Ob das auch irgendwelche Auswirkungen auf das in der Vergangenheit oft schwierige tschechisch-deutsche Verhältnis haben könnte, darüber machte sich zum Beispiel Lubomir Heger in der Tageszeitung Mlada fronta Dnes Gedanken:
"Die tschechisch-deutsche Partnerschaft könnte indirekt gedeihen, wenn es Frau Merkel gelingen würde die wichtigsten Punkte ihre Wahlprogramms zu erfüllen, nämlich den deutschen Arbeitsmarkt anzukurbeln - vielleicht würden dann auch für tschechische Arbeitnehmer die Zugangsbeschränkungen früher fallen - und das Verhältnis zu den USA wieder ins Lot gebracht werden. Gibt es da noch etwas? Ach ja, den obligatorischen Nachtrag: die Sudetendeutschen. Frau Merkel hat sich nie deren Anliegen zu Eigen gemacht und auch die mitregierende SPD wird sich als zuverlässige Bremse erweisen - dann, wenn etwa der künftige Wirtschaftsminister Edmund Stoiber diese Angelegenheit thematisieren sollte.

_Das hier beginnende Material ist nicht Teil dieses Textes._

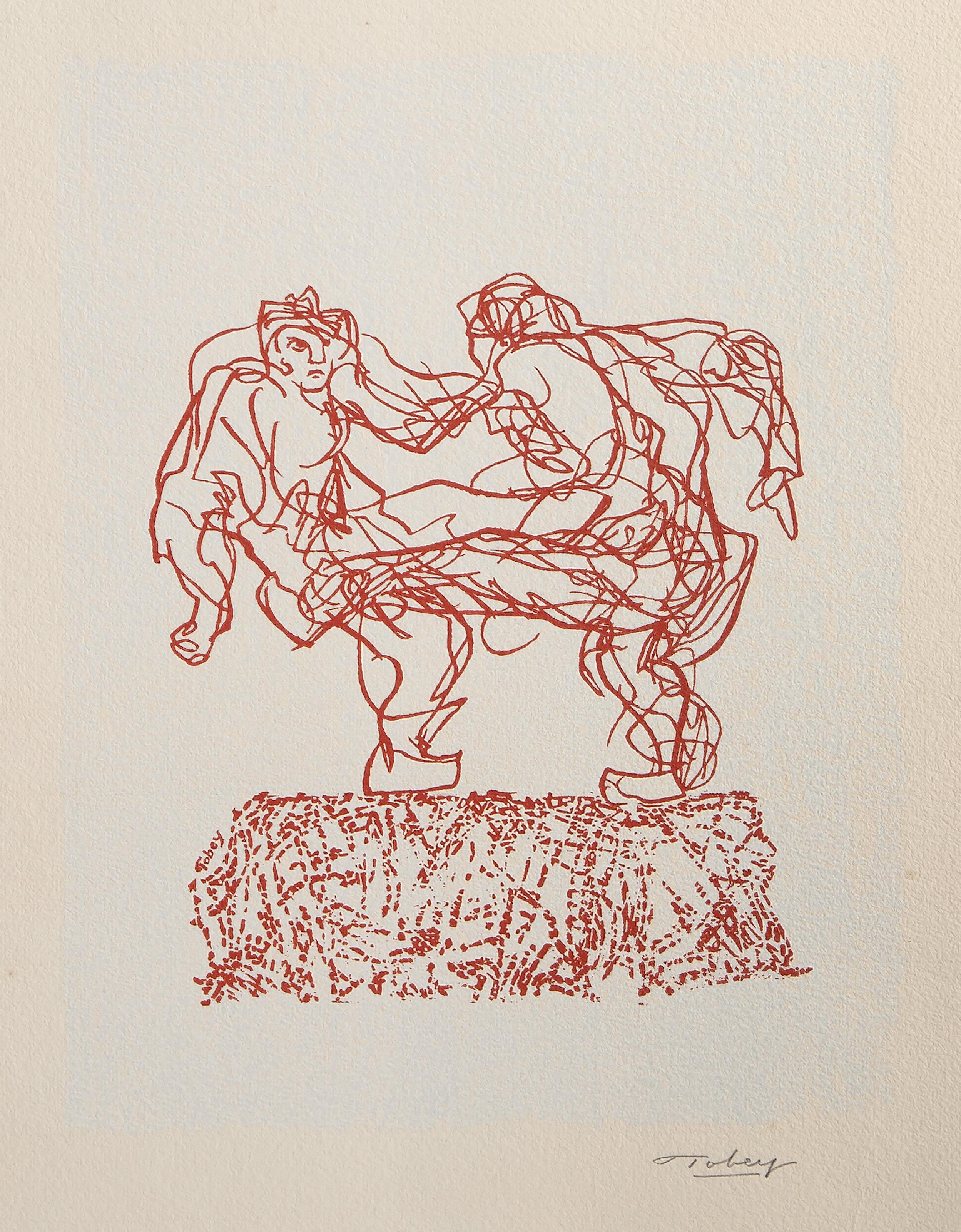Danse populaire le jour de l'indépendance, sérigraphie moderne de Mark Tobey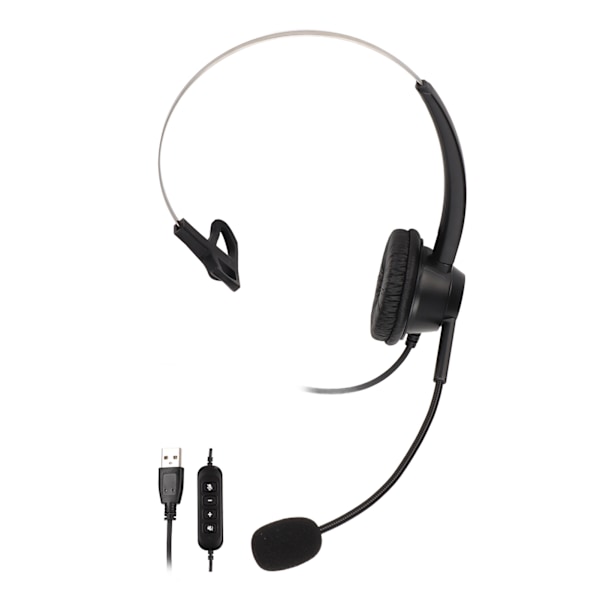 H360 - USB-3 Telefonheadset Svart Volymjustering Mute Ensidig headset med USB-kontakt för Call Center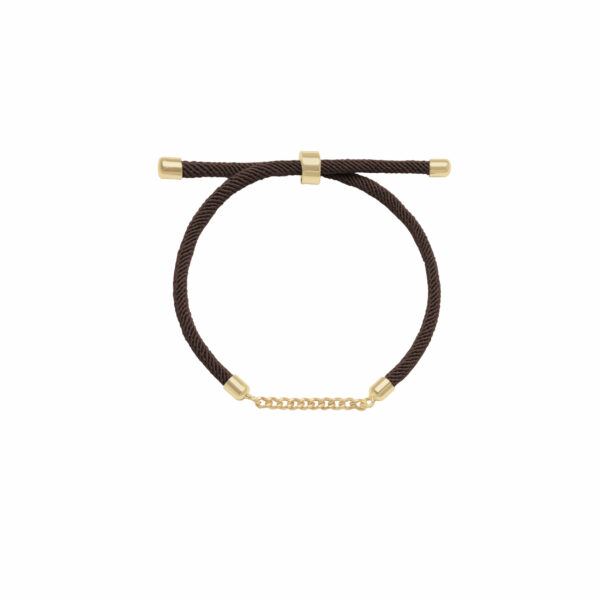 دستبند کارتیه و بند طنابی قهوه ای (10 حلقه)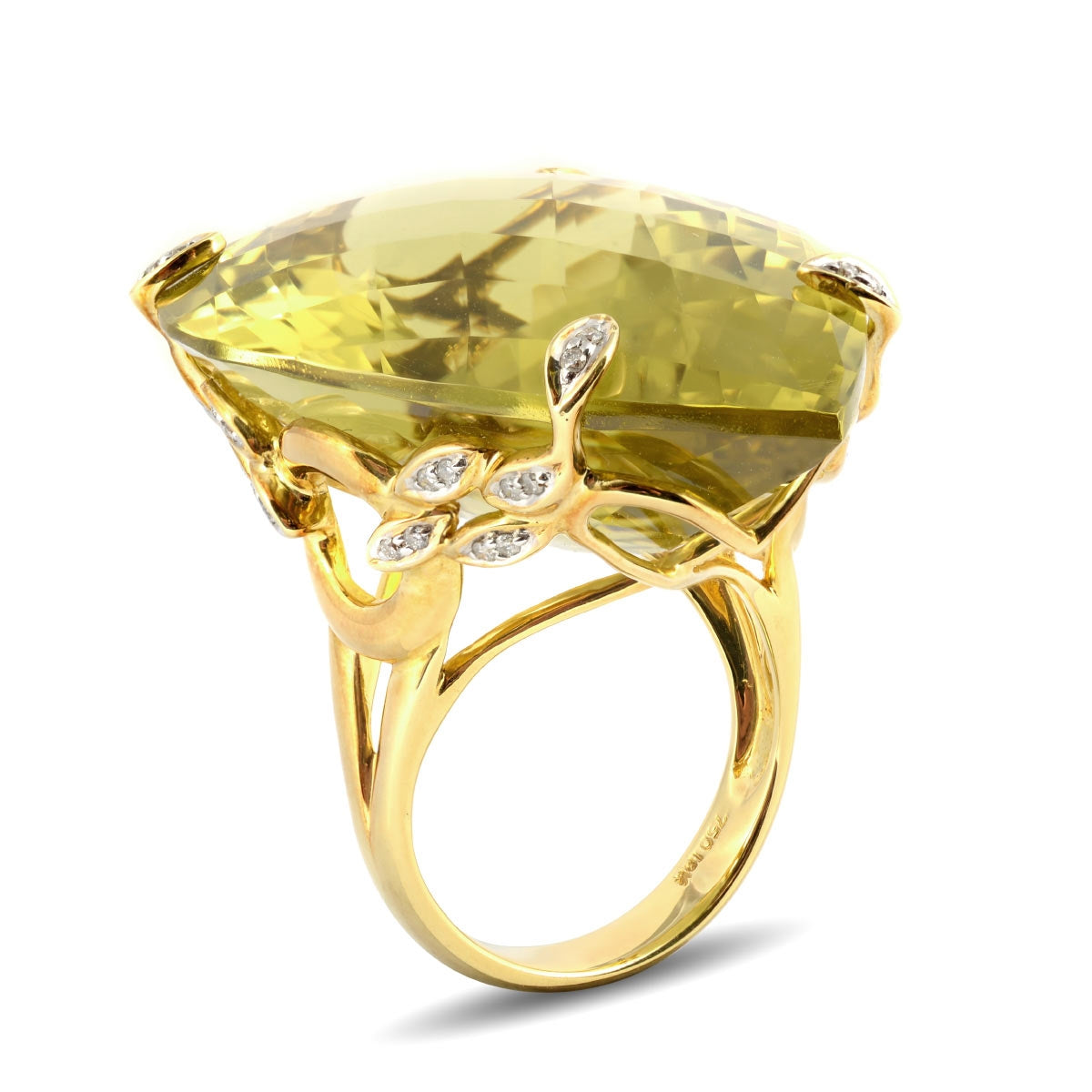 18K Yellow Gold 63.03 ct TGW Olive Green Quartz One-of-a-Kind Ring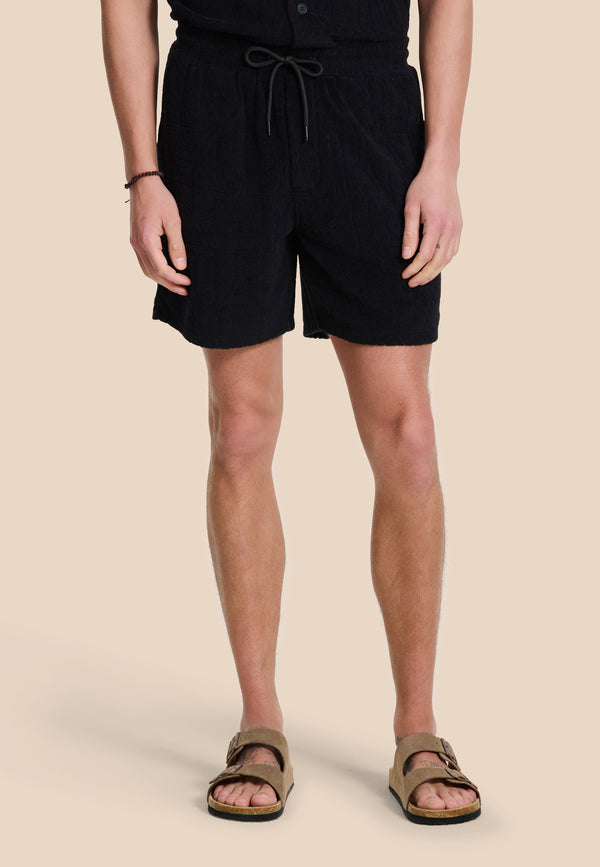 Shiwi TONY Toweling Shorts Geo Sun Black Geo Sun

Es werden höchstens stärkere Aufrufe von deutscher Seite, für irgendeine Form der Entschuldigung erwartet. Wären aber diese so amoralisch?", fragt sich abschließend Lubomir Heger von der Mlada fronta Dnes.In der Vergangenheit wurde gerade in diesem Zusammenhang auf tschechischer Seite oft bemängelt, dass die politische Elite des Landes zur Gänze aus der alten Bundesrepublik stammt und sie somit über kein Einfühlungsvermögen in die Stimmungslage einer postkommunistischen Gesellschaft, wie der tschechischen, verfügt. Gleichzeitig wurde auch die Hoffnung geäußert, dass dies besser werden könnte, wenn ein Politiker, der in der früheren DDR aufgewachsen ist, an die Spitze der Regierung gelangen würde. Dieser Fall wird nun eintreten. Könnte das bei der künftigen Entwicklung der tschechisch-deutschen Beziehungen eine positive Rolle spielen? Dazu meint abschließend Ivan Stern vom sechsten Programm des Tschechischen Rundfunks:
"Ich glaube, dass das im Prinzip gar keine Rolle spielen wird, weil sie ist Kanzlerin aller Deutschen und nicht nur der Ostdeutschen. Ich bin überzeugt, dass sie hier gar nicht unterscheiden wird. Weitaus gefährlicher wäre, wenn Edmund Stoiber Bundeskanzler wäre, denn er wird teilweise von seiner aus dem Sudentenland stammenden Frau beeinflusst. Seine Frau hat gewisse Beziehungen zu unserer Republik und diese nicht gerade im positiven Sinne."